S'abonner I am already a subscriber
Question de Justin Chadwick, DG de la Citrus Growers' Association of Southern Africa

« L'identification des organismes nuisibles par les pays membres de l'UE est-elle fiable ? »

Justin Chadwick, directeur général de la Citrus Growers' Association of Southern Africa, pose la question suivante dans sa lettre d'information hebdomadaire : l'identification des organismes nuisibles par les pays membres de l'UE est-elle fiable pour le commerce des produits périssables ?

« L'Afrique du Sud est signataire de la Convention internationale pour la protection des végétaux (CIPV), comme tous les membres de l'Organisation mondiale du commerce (OMC), y compris l'Union européenne (UE).
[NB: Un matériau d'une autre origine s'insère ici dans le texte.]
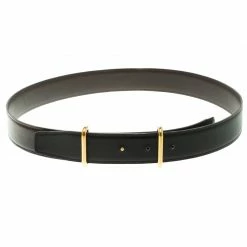 Hermes Black/Dark Brown Box Calf Leather Idem Reversible Belt 80CM For Men
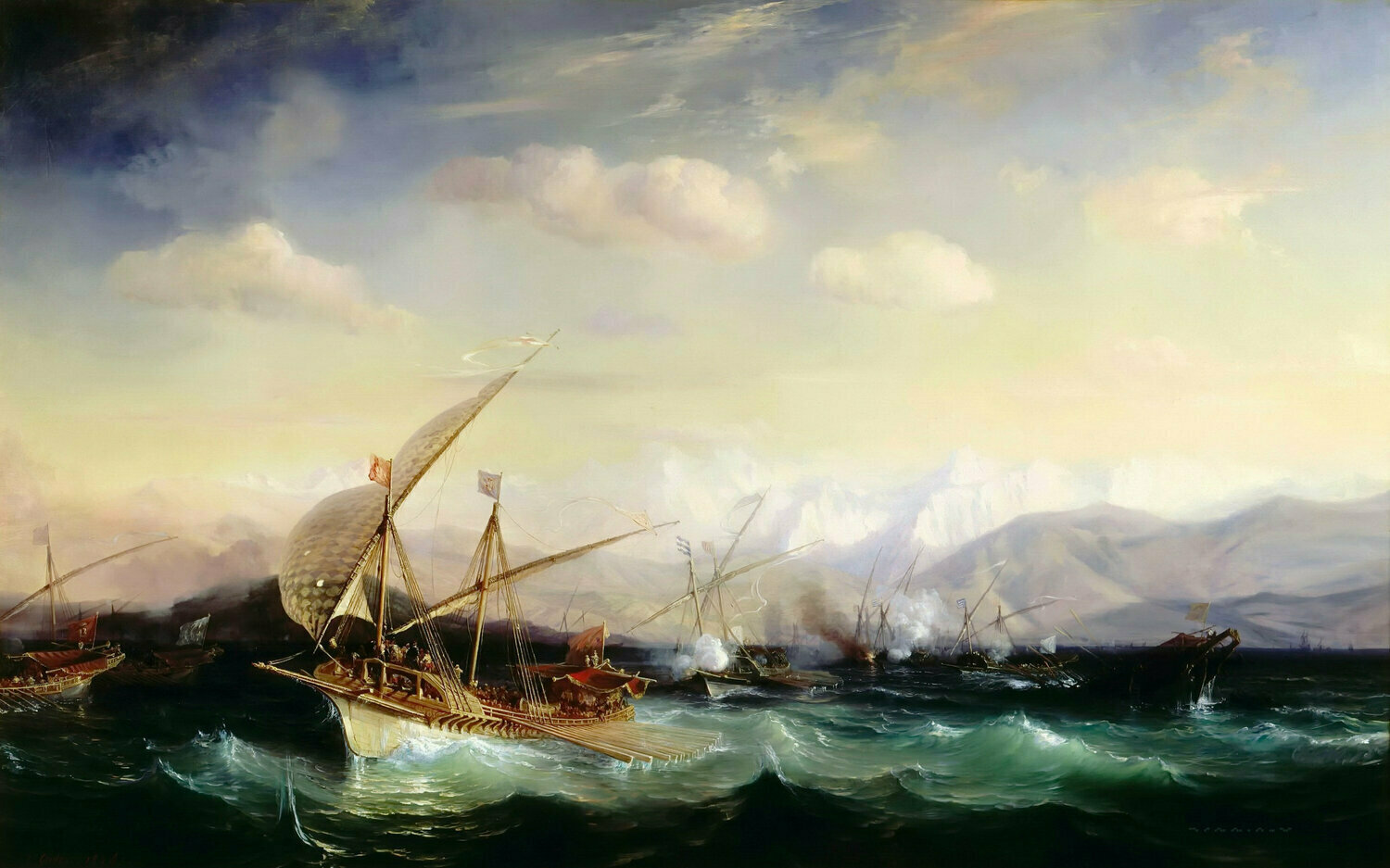 Гюден, Жан Антуан Теодор. Адмирал Андреа Дориа рассеивает испанский флот близ Вара 7 июля 1524 года.
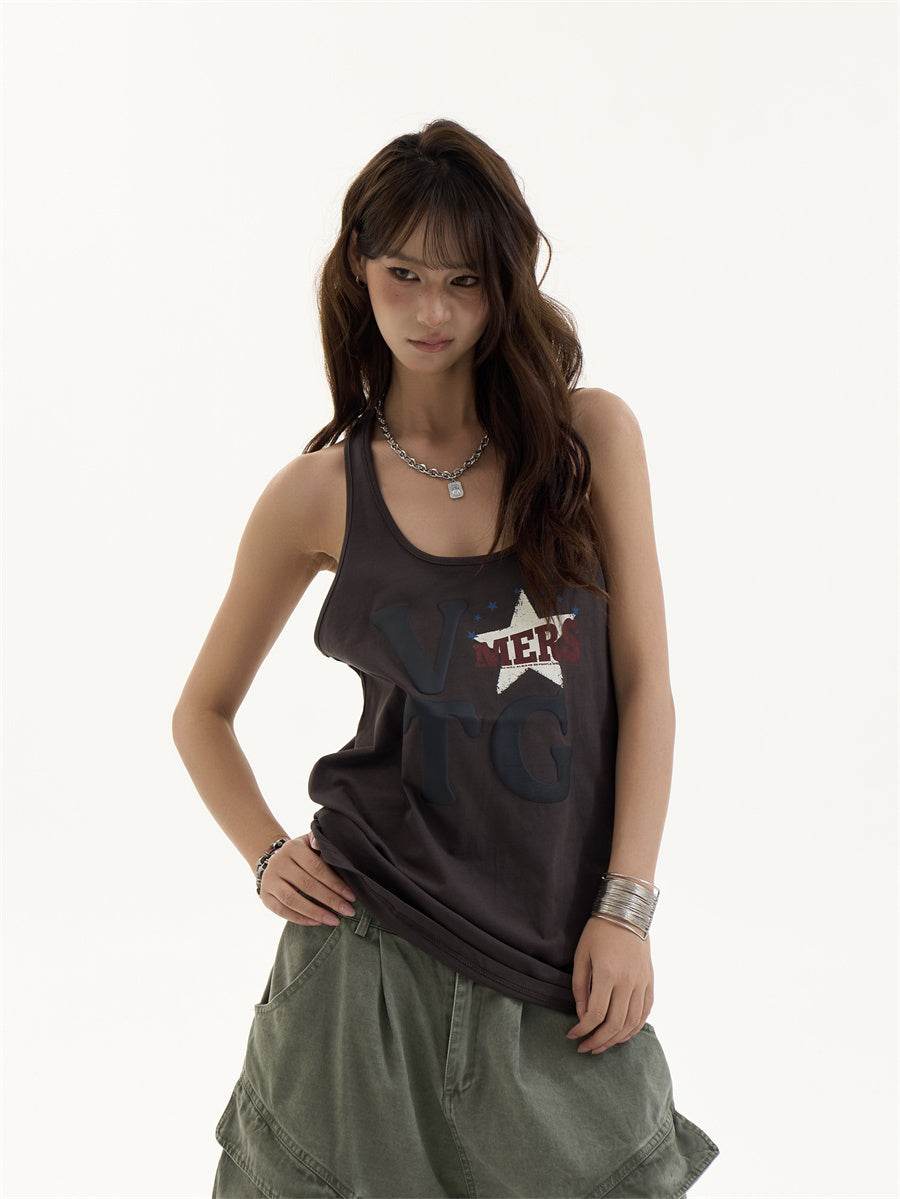 Women's Design Wine Red Printed Sleeveless Vest Dark Grey MuddyStock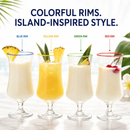 Set Of 4 Pina Colada Hurricane Glasses 14OZ By Cocktail Glasses Set Pina Colada Glas by The Wine Savant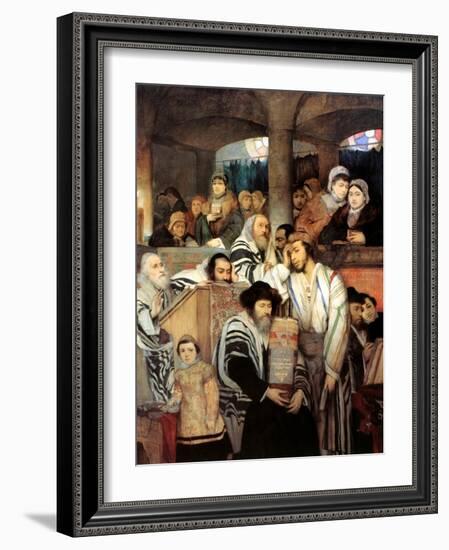 Jews Praying in the Synagogue on Yom Kippur, 1878-Maurycy Gottlieb-Framed Giclee Print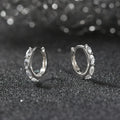 For LZE22 Wholesale Trendy Premium Cubic Zirconia S925 Sterling Silver Rhodium Plated Hoop Earrings for Men Women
La CIPV est très importante pour les pays qui commercialisent des produits périssables : pour les importateurs, elle est importante car elle vise à empêcher l'introduction de nouveaux organismes nuisibles (notons que les organismes nuisibles sont définis comme étant à la fois des parasites et des maladies) en termes de niveau de protection acceptable, tandis que pour les exportateurs, elle garantit que le commerce peut se poursuivre en utilisant les mesures d'atténuation des risques les moins restrictives pour le commerce. Les pays importateurs et exportateurs ont des responsabilités.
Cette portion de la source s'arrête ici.